◆ WHAT TO WORK ON ◆
Where a line contains "фото Футболка zarina", start there and write out that line and each one after it, word for word, through the final line of the entries; add nothing else.

#### LISTED ENTRIES ####

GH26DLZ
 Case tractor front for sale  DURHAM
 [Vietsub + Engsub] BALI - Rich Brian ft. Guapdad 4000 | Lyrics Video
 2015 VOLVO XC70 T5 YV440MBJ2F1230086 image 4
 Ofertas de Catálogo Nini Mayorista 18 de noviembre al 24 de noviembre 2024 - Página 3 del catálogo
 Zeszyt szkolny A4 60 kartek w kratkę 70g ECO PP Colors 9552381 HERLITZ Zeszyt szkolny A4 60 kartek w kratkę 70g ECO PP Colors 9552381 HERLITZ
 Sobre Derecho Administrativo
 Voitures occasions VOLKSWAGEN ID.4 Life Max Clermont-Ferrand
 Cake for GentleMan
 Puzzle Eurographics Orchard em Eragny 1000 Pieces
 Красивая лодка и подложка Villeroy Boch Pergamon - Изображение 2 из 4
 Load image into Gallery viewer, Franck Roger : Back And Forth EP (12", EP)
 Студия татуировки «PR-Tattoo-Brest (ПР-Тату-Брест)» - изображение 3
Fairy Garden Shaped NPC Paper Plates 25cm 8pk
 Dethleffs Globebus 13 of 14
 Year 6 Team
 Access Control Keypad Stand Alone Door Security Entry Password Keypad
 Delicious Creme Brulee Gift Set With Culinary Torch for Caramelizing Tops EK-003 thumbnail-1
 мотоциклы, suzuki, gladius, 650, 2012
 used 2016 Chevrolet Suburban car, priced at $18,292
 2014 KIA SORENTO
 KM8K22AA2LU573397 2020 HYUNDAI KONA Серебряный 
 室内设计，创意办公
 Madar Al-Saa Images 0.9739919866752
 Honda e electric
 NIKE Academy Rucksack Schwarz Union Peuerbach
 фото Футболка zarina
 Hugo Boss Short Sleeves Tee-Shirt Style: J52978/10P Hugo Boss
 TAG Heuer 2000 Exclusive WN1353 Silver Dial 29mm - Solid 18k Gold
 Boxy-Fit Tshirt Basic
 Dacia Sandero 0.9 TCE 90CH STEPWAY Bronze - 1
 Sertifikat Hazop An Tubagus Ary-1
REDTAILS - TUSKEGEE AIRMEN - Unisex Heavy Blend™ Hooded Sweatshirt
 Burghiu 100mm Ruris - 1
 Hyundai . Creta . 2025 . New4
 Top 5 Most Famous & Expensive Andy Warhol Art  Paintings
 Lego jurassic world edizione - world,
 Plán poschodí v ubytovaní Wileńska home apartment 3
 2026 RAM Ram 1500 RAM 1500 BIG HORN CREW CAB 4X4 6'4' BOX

####

◆ RESULT ◆
 фото Футболка zarina
 Hugo Boss Short Sleeves Tee-Shirt Style: J52978/10P Hugo Boss
 TAG Heuer 2000 Exclusive WN1353 Silver Dial 29mm - Solid 18k Gold
 Boxy-Fit Tshirt Basic
 Dacia Sandero 0.9 TCE 90CH STEPWAY Bronze - 1
 Sertifikat Hazop An Tubagus Ary-1
REDTAILS - TUSKEGEE AIRMEN - Unisex Heavy Blend™ Hooded Sweatshirt
 Burghiu 100mm Ruris - 1
 Hyundai . Creta . 2025 . New4
 Top 5 Most Famous & Expensive Andy Warhol Art  Paintings
 Lego jurassic world edizione - world,
 Plán poschodí v ubytovaní Wileńska home apartment 3
 2026 RAM Ram 1500 RAM 1500 BIG HORN CREW CAB 4X4 6'4' BOX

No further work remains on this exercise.